Personal information
- Native name: מקסים רודשטיין
- Born: 19 January 1989 (age 37) Leningrad, Russian SFSR, USSR
- Spouse: Tereza Olsarová

Chess career
- Country: Israel
- Title: Grandmaster (2007)
- FIDE rating: 2600 (July 2026)
- Peak rating: 2710 (March 2016)
- Peak ranking: No. 37 (March 2016)

= Maxim Rodshtein =

Israeli chess grandmaster (born 1989)

Maxim Rodshtein (מקסים רודשטיין, Максим Эдуардович Родштейн; born 19 January 1989) is an Israeli chess grandmaster. He competed in the FIDE World Cup in 2007, 2011, 2015 and 2017.

==Career==
Rodshtein was twice silver medallist in the European Youth Chess Championships: in the Under 10 section in 1999 and the Under 14 in 2002. He won the Under 16 division of the World Youth Chess Championships in Heraklio, Greece in 2004. In 2006 he won the Israeli Chess Championship. He won the 25th Andorra International Open (30 June – 8 July 2007) in a three-way tie for first in a field of 101 players.
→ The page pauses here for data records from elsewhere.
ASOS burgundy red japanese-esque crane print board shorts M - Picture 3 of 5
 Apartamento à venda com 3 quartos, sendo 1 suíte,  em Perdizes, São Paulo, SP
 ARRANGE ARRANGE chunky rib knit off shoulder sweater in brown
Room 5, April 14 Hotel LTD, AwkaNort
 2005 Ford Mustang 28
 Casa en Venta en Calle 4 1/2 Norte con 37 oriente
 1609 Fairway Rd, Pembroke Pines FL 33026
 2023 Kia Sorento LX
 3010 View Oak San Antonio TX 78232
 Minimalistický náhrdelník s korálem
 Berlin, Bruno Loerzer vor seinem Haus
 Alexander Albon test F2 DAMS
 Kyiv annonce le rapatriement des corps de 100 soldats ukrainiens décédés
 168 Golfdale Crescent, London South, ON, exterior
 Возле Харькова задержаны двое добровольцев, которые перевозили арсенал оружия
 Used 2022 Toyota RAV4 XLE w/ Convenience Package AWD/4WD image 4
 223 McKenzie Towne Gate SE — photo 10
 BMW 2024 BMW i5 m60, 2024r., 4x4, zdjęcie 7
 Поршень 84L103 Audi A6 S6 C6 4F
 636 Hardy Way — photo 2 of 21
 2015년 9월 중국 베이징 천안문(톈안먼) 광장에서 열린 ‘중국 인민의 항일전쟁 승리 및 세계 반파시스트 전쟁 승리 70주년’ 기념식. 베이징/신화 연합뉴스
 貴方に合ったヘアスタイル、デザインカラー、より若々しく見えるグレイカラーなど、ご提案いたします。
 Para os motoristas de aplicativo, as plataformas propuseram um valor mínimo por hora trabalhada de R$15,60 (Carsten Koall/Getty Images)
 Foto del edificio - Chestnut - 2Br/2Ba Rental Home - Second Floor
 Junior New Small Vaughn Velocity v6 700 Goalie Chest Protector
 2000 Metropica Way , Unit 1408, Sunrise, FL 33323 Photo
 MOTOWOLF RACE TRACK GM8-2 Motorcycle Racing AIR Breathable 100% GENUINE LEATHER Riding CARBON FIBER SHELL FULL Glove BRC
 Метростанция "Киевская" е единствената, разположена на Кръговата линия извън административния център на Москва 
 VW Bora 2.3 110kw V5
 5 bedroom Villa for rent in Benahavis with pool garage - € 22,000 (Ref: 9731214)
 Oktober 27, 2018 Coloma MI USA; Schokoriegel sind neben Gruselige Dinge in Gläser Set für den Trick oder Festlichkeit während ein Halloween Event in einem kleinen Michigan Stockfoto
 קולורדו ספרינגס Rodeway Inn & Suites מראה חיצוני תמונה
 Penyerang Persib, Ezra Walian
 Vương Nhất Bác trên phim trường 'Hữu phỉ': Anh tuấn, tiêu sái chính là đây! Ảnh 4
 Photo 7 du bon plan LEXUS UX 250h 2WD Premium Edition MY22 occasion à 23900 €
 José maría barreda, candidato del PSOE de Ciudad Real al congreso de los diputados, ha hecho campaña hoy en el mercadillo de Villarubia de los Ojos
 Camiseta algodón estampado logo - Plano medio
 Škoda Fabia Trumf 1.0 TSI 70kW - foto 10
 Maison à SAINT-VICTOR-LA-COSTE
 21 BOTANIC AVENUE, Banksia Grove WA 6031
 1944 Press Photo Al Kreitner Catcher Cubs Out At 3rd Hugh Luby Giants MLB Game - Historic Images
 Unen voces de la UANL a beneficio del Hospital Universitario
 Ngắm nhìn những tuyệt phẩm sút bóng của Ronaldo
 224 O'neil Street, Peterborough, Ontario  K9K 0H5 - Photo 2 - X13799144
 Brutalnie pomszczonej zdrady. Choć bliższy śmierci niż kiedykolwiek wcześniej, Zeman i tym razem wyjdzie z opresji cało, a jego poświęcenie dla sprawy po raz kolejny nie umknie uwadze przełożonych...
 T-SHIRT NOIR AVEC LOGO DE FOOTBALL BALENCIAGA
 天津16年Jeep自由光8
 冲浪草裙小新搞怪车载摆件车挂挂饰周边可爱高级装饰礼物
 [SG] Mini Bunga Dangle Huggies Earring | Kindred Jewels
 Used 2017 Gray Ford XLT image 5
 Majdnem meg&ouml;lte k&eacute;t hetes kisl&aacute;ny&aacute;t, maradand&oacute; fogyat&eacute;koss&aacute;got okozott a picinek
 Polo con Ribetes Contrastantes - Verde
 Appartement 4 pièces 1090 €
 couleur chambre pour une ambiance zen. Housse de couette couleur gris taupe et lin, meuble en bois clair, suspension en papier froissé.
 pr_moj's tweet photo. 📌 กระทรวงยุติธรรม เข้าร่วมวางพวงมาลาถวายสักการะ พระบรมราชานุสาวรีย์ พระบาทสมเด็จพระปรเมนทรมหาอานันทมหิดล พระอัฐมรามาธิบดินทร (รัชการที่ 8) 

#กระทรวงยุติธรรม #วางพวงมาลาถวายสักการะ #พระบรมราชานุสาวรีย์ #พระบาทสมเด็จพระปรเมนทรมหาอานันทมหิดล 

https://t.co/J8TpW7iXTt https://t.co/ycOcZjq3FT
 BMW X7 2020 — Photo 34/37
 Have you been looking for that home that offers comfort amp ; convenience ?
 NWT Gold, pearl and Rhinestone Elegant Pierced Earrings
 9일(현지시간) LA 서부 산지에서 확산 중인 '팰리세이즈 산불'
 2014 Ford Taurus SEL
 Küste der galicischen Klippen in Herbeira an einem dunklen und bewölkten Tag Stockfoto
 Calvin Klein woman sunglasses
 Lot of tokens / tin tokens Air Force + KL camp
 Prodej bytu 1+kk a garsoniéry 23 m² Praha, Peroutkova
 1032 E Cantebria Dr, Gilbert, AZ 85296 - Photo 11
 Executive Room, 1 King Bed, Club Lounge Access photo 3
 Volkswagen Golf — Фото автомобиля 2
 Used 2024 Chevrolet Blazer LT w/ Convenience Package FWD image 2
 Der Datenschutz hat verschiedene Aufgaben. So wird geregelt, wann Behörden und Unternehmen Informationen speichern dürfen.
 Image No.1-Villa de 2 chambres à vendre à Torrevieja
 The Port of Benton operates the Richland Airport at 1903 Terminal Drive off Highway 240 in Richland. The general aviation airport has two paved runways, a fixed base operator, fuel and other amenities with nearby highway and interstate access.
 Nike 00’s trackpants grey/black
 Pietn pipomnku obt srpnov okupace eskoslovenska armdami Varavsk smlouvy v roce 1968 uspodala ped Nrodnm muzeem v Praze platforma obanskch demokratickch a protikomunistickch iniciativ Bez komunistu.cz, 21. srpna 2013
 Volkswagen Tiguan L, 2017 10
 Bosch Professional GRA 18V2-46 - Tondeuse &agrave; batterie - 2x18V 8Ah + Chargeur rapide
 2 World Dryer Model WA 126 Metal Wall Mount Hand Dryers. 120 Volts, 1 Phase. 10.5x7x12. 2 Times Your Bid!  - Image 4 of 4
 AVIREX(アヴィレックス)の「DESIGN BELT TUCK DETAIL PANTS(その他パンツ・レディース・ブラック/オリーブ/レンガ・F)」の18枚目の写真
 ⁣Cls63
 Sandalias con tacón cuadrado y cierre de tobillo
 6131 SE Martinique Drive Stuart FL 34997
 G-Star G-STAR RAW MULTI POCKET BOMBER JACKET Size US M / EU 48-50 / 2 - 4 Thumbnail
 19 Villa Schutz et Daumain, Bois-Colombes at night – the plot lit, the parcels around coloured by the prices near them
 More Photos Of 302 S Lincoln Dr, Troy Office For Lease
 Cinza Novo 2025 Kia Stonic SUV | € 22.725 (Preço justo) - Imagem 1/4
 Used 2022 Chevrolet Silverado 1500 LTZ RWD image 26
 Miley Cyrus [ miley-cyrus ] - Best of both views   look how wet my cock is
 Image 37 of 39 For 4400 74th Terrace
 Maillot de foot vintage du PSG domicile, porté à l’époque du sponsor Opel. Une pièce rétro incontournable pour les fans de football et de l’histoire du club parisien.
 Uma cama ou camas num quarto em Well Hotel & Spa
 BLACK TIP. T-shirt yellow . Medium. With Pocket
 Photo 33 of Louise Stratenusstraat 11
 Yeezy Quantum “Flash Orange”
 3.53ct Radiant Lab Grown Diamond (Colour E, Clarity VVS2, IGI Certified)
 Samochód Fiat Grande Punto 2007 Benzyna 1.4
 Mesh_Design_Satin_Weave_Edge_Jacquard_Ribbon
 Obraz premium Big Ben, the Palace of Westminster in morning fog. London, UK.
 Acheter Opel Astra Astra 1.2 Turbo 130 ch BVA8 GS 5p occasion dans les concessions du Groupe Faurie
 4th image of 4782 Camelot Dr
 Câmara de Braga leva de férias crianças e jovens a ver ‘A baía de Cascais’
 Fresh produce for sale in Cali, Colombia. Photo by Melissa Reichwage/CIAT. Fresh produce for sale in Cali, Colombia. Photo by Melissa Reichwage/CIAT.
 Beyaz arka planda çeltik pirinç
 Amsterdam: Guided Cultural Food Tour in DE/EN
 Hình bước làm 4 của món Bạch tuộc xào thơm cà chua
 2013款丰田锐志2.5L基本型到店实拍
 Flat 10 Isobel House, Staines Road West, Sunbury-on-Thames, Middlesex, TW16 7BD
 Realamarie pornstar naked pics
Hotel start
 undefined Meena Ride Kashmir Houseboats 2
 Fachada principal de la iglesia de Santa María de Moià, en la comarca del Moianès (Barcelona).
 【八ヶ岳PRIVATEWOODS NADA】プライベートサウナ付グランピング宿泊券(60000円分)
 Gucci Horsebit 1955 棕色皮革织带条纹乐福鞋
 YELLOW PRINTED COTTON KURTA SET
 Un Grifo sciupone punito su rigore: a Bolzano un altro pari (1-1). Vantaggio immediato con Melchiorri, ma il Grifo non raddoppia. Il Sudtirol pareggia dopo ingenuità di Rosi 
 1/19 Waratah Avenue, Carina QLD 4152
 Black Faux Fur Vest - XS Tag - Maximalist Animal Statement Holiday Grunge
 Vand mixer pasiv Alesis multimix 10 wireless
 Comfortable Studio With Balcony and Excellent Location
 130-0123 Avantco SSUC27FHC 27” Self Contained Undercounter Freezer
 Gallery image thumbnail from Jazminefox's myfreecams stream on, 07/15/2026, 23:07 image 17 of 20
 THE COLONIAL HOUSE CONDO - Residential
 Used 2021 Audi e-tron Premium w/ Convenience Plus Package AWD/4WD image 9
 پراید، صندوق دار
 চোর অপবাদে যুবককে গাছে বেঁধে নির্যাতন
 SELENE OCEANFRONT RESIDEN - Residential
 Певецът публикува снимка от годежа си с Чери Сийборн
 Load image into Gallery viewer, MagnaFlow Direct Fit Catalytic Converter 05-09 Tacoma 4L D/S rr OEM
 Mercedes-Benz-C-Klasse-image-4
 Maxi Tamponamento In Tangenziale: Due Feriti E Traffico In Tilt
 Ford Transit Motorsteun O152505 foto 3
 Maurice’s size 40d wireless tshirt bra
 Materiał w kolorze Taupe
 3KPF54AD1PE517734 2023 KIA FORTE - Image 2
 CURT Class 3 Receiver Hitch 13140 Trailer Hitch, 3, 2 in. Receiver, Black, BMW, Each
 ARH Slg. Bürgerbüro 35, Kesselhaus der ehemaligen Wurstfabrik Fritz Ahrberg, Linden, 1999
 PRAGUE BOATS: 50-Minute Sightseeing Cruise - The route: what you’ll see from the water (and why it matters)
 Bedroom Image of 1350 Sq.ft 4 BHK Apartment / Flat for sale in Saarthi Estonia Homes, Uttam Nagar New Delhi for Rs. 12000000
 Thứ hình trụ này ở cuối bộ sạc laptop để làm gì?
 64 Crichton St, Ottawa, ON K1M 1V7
In 2008, Rodshtein was a member of the Israeli team in the 38th Chess Olympiad in Dresden; he scored 7 points from 9 games, contributing to the team silver medal. In particular, he was responsible for Israel's win against the Olympic champion, Armenia. A few months later he was offered by Armenia's No. 1 Levon Aronian to work with him as a second. Rodshtein shared 1st in the 2008 Israeli championship, but didn't retain the title due to inferior tie-break. In 2010 he took clear first place in the 12th International Open of Sants, Hostafrancs and La Bordeta in Barcelona. In 2011 Rodshtein tied for 4th–10th with Rustam Kasimdzhanov, Gata Kamsky, Rauf Mamedov, Ivan Cheparinov, Denis Khismatullin and Yu Yangyi in the Aeroflot Open in Moscow. In the same tournament in 2012, he tied for 4th–8th with Alexander Khalifman, Hrant Melkumyan, Fabiano Caruana and Dmitry Andreikin. Rodshtein tied for first with Sanan Sjugirov, Parimarjan Negi, Vlad-Cristian Jianu, Sergey Fedorchuk, Eric Hansen, Alexei Fedorov, and Yuri Vovk, finishing third on tiebreak, at the 2013 Cappelle-la-Grande Open. He won the 45th Rilton Cup, which took place from 27 December 2015 to 5 January 2016 in Stockholm, with a score of 8/9 points.

== Personal life ==
He served in the Israeli Air Force.

Rodshtein is married to Czech WGM Tereza Olsarová.